Il s’en explique dans les documents ci-dessous :
Un extrait de Les Leçons de Raymond Aron, propos recueillis par Bernard-Henri Lévy dans De Sartre à Foucault, (1984) :
« Bernard-Henri Lévy : Vous occupez, Raymond Aron, une singulière position sur notre échiquier politique. Classé à droite, vous ne cessez d’interpeller la gauche. Caution de la bourgeoisie libérale, ce n’est jamais à elle que vous vous adressez mais toujours à ces hommes de gauche que vous avez reniés et qui vous ont excommunié.

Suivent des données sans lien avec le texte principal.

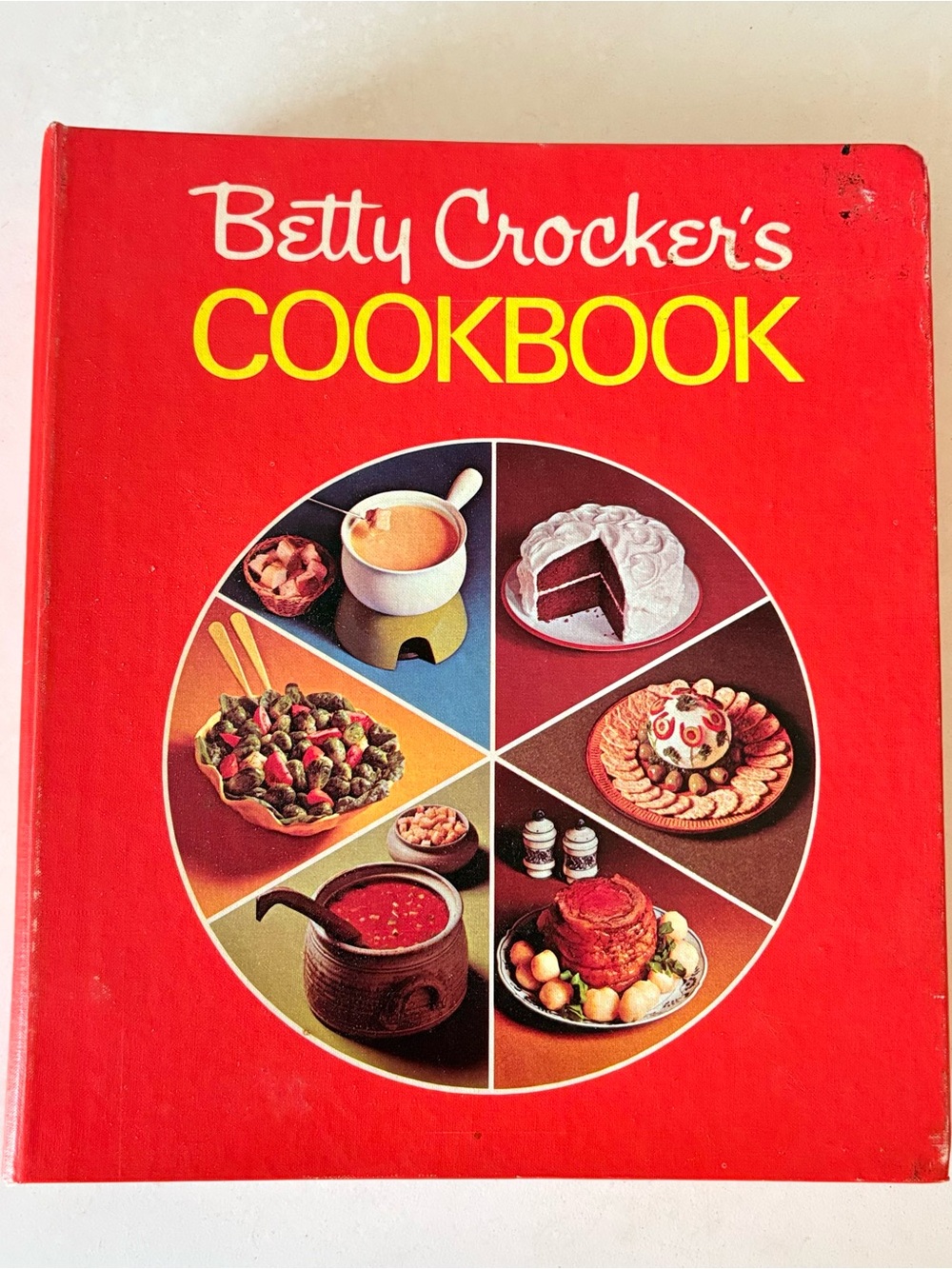 Vintage 1969 Betty Crocker's Cookbook First Printing Red Hardcover Pie Cover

R.A. — Dans l’ensemble, c’est exact. D’abord parce que la plupart de mes livres s’adressent à un public intellectuel et que le public intellectuel parisien est en majorité acquis à ce que vous appelez la gauche. Ensuite parce que, juif, je ne peux pas être, je n’ai jamais pu être viscéralement de droite...Reste néanmoins que c’est pour ce que l’on appelle la droite que je plaide, pour ceux qui ne refusent pas la société actuelle , et que je leur donne bonne conscience… »

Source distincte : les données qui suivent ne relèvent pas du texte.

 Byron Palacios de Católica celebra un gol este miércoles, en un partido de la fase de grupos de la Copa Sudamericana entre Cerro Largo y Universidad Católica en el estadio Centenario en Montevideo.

La pensée libérale de Raymond Aron, 7 décembre 1969, une petite vidéo où « Raymond Aron évoque son parcours et son conflit avec les intellectuels de gauche à la suite de la publication de L'opium des intellectuels en 1955. »
Apostrophes : Raymond Aron "Ma rupture avec la gauche", Achive INA
Joël Mouric détaille l’évolution de Raymond Aron dans Raymond Aron et le communisme, Territoires contemporains, LIR 3S, de l’engagement premier à la SFIO à « L'engagement anticommuniste pour défendre la démocratie libérale » (titre de la partie II).

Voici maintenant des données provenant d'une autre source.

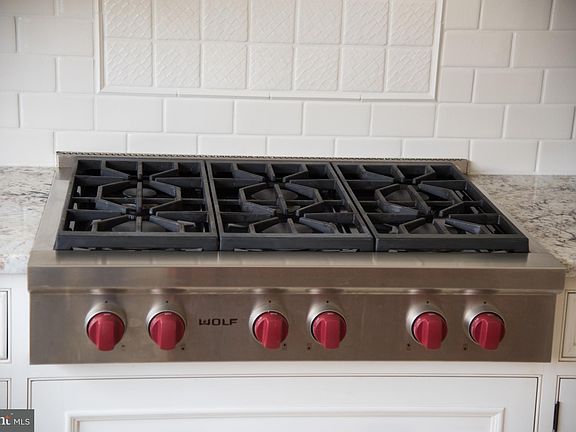 2nd image of 7106 Bloomsbury Ln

« C’est en 1947 que Raymond Aron adopte une position résolument offensive face au communisme. Il adhère en effet au RPF du général de Gaulle et devient éditorialiste au Figaro.Cet engagement lui vaut d’être ostracisé par la plupart des intellectuels, Sartre le premier . »
Dans sa recension des Mémoires (Les « Mémoires » de Raymond Aron, Le Monde diplomatique, 10/1983), Yves Florenne fait un résumé rapide mais illustrant bien l’image qu’a le plus souvent Aron :
« On eut vite fait de le précipiter à droite, en ignorant sa « conversion » d’adolescent à la gauche en même temps qu’à la philosophie ; en négligeant son appartenance à la négligeable S.F.I.O. ; en oubliant qu’il fit ses débuts de journaliste à Combat. Lui assigner sa place à droite n’était certes pas sans bonnes raisons. Mais au crédit de son mariage de la main gauche, on aurait pu compter un sentiment également vif en sens contraire, pour les « humbles » et contre les « puissants » qu’il « détestait » ; son écartèlement entre patriotisme et pacifisme ; pour une part, sa résolution lors de la réoccupation du Rhin par Hitler, puis son refus de Munich ; sa prise de position pour l’Espagne républicaine et, plus tard, pour l’indépendance de l’Algérie. Son économie surtout est à droite : c’est le bon choix, puisque chacun sait qu’elle ne peut être ailleurs. Cet intellectuel pur, n’ayant rien à vendre et surtout pas lui-même, chérit le marché, la marchandise, la monnaie, la « liberté économique » enfin, qui n’est pas la liberté de tout le monde. »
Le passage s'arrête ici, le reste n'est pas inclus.